• [Task goal] Nothing in the records should differ when they are repeated. Restate them word for word.
━━━━━━━━━━━━━━━━
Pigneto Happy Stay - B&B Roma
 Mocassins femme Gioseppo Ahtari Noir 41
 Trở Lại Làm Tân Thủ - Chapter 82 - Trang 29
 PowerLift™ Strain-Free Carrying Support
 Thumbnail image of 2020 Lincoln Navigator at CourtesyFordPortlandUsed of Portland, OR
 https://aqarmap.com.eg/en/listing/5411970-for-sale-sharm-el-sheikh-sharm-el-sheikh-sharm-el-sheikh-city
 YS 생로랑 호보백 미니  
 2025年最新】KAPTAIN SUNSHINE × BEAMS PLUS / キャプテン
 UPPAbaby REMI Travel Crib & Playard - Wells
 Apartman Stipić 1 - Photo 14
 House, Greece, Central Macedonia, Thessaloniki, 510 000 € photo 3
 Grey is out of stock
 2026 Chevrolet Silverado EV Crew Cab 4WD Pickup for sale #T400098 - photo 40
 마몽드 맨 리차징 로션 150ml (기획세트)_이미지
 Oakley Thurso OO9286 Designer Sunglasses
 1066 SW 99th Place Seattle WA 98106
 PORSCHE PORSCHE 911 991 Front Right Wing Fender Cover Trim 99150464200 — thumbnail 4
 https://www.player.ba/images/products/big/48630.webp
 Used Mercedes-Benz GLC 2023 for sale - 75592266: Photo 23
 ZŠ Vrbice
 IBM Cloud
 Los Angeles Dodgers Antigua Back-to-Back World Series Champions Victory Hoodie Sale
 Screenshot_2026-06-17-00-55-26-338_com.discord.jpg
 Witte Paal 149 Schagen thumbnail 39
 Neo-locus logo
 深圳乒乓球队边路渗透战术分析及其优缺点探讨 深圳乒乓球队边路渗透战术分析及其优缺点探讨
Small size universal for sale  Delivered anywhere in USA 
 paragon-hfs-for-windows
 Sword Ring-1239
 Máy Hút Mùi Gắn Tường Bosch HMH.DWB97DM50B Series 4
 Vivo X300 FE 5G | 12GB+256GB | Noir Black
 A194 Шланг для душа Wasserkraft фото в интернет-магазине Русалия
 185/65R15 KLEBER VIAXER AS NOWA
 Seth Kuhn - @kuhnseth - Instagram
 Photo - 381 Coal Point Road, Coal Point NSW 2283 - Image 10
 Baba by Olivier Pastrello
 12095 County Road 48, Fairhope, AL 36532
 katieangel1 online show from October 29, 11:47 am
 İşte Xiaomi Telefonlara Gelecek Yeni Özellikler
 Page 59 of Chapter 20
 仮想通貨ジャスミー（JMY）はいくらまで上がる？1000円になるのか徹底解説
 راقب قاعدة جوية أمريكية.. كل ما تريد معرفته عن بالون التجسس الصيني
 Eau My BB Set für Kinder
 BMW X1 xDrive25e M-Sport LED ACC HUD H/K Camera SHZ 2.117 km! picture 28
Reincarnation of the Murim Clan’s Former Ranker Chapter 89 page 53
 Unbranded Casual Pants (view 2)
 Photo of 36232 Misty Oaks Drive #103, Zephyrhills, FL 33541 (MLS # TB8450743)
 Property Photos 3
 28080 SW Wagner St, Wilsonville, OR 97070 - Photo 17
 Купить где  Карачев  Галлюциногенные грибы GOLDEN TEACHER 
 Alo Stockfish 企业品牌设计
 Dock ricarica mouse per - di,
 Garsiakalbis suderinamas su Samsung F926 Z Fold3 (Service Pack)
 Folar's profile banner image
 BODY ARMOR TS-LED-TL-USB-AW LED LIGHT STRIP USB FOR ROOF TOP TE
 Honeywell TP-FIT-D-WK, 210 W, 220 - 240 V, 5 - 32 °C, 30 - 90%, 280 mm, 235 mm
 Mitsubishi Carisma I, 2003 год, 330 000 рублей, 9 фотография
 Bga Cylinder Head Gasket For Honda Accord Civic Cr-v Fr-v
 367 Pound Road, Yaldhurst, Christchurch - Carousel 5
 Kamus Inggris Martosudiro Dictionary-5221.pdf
━━━━━━━━━━━━━━━━
• [Result of the task]
Pigneto Happy Stay - B&B Roma
 Mocassins femme Gioseppo Ahtari Noir 41
 Trở Lại Làm Tân Thủ - Chapter 82 - Trang 29
 PowerLift™ Strain-Free Carrying Support
 Thumbnail image of 2020 Lincoln Navigator at CourtesyFordPortlandUsed of Portland, OR
 https://aqarmap.com.eg/en/listing/5411970-for-sale-sharm-el-sheikh-sharm-el-sheikh-sharm-el-sheikh-city
 YS 생로랑 호보백 미니  
 2025年最新】KAPTAIN SUNSHINE × BEAMS PLUS / キャプテン
 UPPAbaby REMI Travel Crib & Playard - Wells
 Apartman Stipić 1 - Photo 14
 House, Greece, Central Macedonia, Thessaloniki, 510 000 € photo 3
 Grey is out of stock
 2026 Chevrolet Silverado EV Crew Cab 4WD Pickup for sale #T400098 - photo 40
 마몽드 맨 리차징 로션 150ml (기획세트)_이미지
 Oakley Thurso OO9286 Designer Sunglasses
 1066 SW 99th Place Seattle WA 98106
 PORSCHE PORSCHE 911 991 Front Right Wing Fender Cover Trim 99150464200 — thumbnail 4
 https://www.player.ba/images/products/big/48630.webp
 Used Mercedes-Benz GLC 2023 for sale - 75592266: Photo 23
 ZŠ Vrbice
 IBM Cloud
 Los Angeles Dodgers Antigua Back-to-Back World Series Champions Victory Hoodie Sale
 Screenshot_2026-06-17-00-55-26-338_com.discord.jpg
 Witte Paal 149 Schagen thumbnail 39
 Neo-locus logo
 深圳乒乓球队边路渗透战术分析及其优缺点探讨 深圳乒乓球队边路渗透战术分析及其优缺点探讨
Small size universal for sale  Delivered anywhere in USA 
 paragon-hfs-for-windows
 Sword Ring-1239
 Máy Hút Mùi Gắn Tường Bosch HMH.DWB97DM50B Series 4
 Vivo X300 FE 5G | 12GB+256GB | Noir Black
 A194 Шланг для душа Wasserkraft фото в интернет-магазине Русалия
 185/65R15 KLEBER VIAXER AS NOWA
 Seth Kuhn - @kuhnseth - Instagram
 Photo - 381 Coal Point Road, Coal Point NSW 2283 - Image 10
 Baba by Olivier Pastrello
 12095 County Road 48, Fairhope, AL 36532
 katieangel1 online show from October 29, 11:47 am
 İşte Xiaomi Telefonlara Gelecek Yeni Özellikler
 Page 59 of Chapter 20
 仮想通貨ジャスミー（JMY）はいくらまで上がる？1000円になるのか徹底解説
 راقب قاعدة جوية أمريكية.. كل ما تريد معرفته عن بالون التجسس الصيني
 Eau My BB Set für Kinder
 BMW X1 xDrive25e M-Sport LED ACC HUD H/K Camera SHZ 2.117 km! picture 28
Reincarnation of the Murim Clan’s Former Ranker Chapter 89 page 53
 Unbranded Casual Pants (view 2)
 Photo of 36232 Misty Oaks Drive #103, Zephyrhills, FL 33541 (MLS # TB8450743)
 Property Photos 3
 28080 SW Wagner St, Wilsonville, OR 97070 - Photo 17
 Купить где  Карачев  Галлюциногенные грибы GOLDEN TEACHER 
 Alo Stockfish 企业品牌设计
 Dock ricarica mouse per - di,
 Garsiakalbis suderinamas su Samsung F926 Z Fold3 (Service Pack)
 Folar's profile banner image
 BODY ARMOR TS-LED-TL-USB-AW LED LIGHT STRIP USB FOR ROOF TOP TE
 Honeywell TP-FIT-D-WK, 210 W, 220 - 240 V, 5 - 32 °C, 30 - 90%, 280 mm, 235 mm
 Mitsubishi Carisma I, 2003 год, 330 000 рублей, 9 фотография
 Bga Cylinder Head Gasket For Honda Accord Civic Cr-v Fr-v
 367 Pound Road, Yaldhurst, Christchurch - Carousel 5
 Kamus Inggris Martosudiro Dictionary-5221.pdf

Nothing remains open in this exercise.